Shavuot is a short holiday – one day in Israel, two in the Diaspora. There is no special mitzva connected to it. And, at least in theory, it has no fixed date. Shavuot is completely dependent on Passover, which precedes it, and is celebrated only after the counting of seven weeks. Before there was a fixed Jewish calendar, Shavuot could fall on any one of three possible dates: the 5th, the 6th or the 7th of Sivan.
Shavuot is defined as “the time of the giving of our Torah.” Yet the great significance of this date is not always understood, especially when this phrase is mistranslated as “the giving of the Law.” The basic meaning of “Torah” is not “Law,” the legal aspect of the Torah that contains all the do’s and don’ts.

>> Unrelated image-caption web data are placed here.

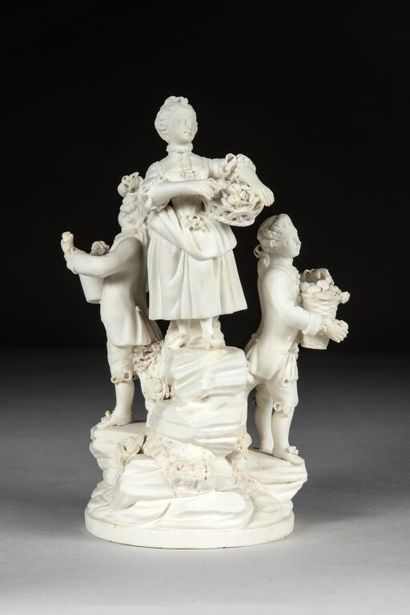 MENNECY. 
Porcelain cookie turntable group...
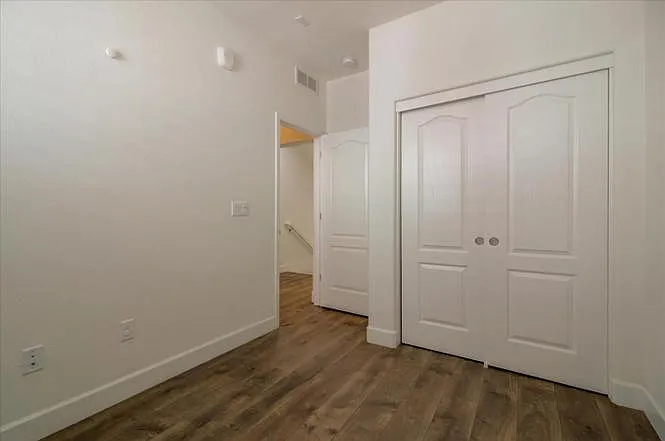 369 Reading Pl — Photo 9
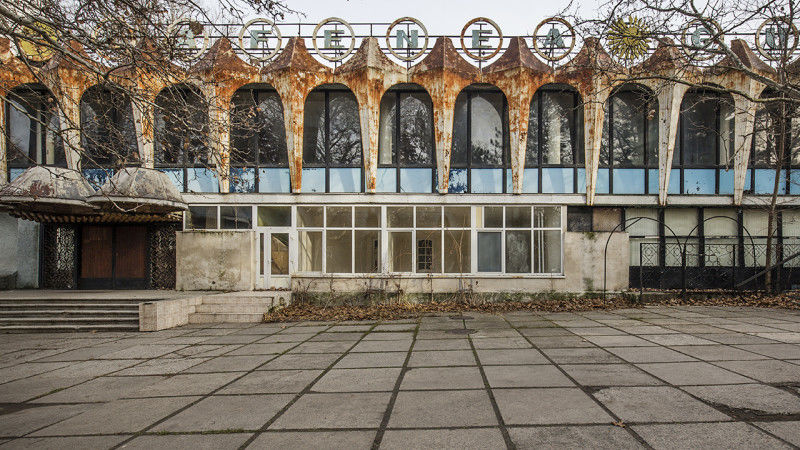 Первый владелец кафе Guguță до сих пор не получил деньги после его продажи.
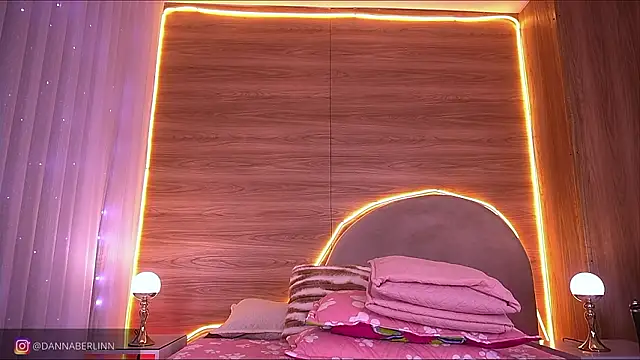 Snapshot of danna_berlin_ chatting on February 2026 07:20:02 PM danna berlin online show from February 2026 07:20:02 PM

Instead, the giving of the Torah is actually the real birthday of Jewish existence. The freedom attained by our forefathers in the Exodus was just a preliminary stage; the real beginning of the Jews as a nation, and of Jewishness as an idea, is in the giving of the Torah. It is only since then that the Jewish people became an entity in itself. This is the point from which on we are not just people, but Jews.

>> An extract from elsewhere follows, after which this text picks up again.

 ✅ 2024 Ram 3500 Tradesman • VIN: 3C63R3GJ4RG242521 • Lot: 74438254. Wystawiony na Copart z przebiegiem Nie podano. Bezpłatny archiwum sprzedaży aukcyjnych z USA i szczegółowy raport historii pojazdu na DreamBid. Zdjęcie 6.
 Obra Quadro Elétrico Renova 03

On a wider, universal scale, the giving of the Torah carries major theological significance. The distance between God and man is infinite. Philosophizing, meditation, spiritual transcendence – these exercises are just like jumping in order to reach the moon. They only demonstrate that we have the desire to get there, not that we can reach it.
The giving of the Torah is, therefore, a unique and most important event in world history. As the Book of Exodus (19:20) says, God descended to Mount Sinai. Only the Omnipotent God can, by His own will, bridge the unbridgeable chasm between Himself and the world. The very act of giving the Torah means that God is interested in us, that He cares about what we do — and this is what grants meaning to everything that we do in this world. In this sense, the very “encounter” with God is the most important part – not because it is proof of His existence, but because it is proof of the connection between Him and the world. In other words, the holiday of Shavuot tells us – to put it in the words of a Jewish philosopher – that God is “more remote than the most remote, and closer than the closest.”
To explore a corollary idea, let us note that Shavuot is defined precisely as “the time of the giving of the Torah.” The giving of the Torah is a one-sided act; God gives us His Torah – a huge, very precious and very heavy gift to carry. But the giving of the Torah does not necessarily mean that it is also received.
Receiving the Torah is a very different notion. We may have this gift very close to us, but are we ready to accept it? Receiving the Torah is not just a matter of studying it and doing what is written in it. For many people the Torah may, at most, be like a registered letter waiting for us; something that we have to fetch from the post office. But really acquiring the Torah is not the abstract fact of a gift received. For my part, there must be the act of accepting it, making it part of my true possessions.
Shavuot is a date for the giving of the Torah, and we celebrate it. The date of receiving the Torah, however, is very individual. It happens not only at different times of the year, but also at different times in one’s life.
The idea that we can own the Torah is a very ancient one. It means that there can be, that there is, a sharing and a partnership with God, and that the act of sharing is achieved through the Torah. When we realize that we can have a relationship with the Torah, that day is our own day of “receiving” it.
The feast of Shavuot, of the giving of the Torah, then, is not only a memory, but also a gift and a promise that at some time in the future we will also receive it.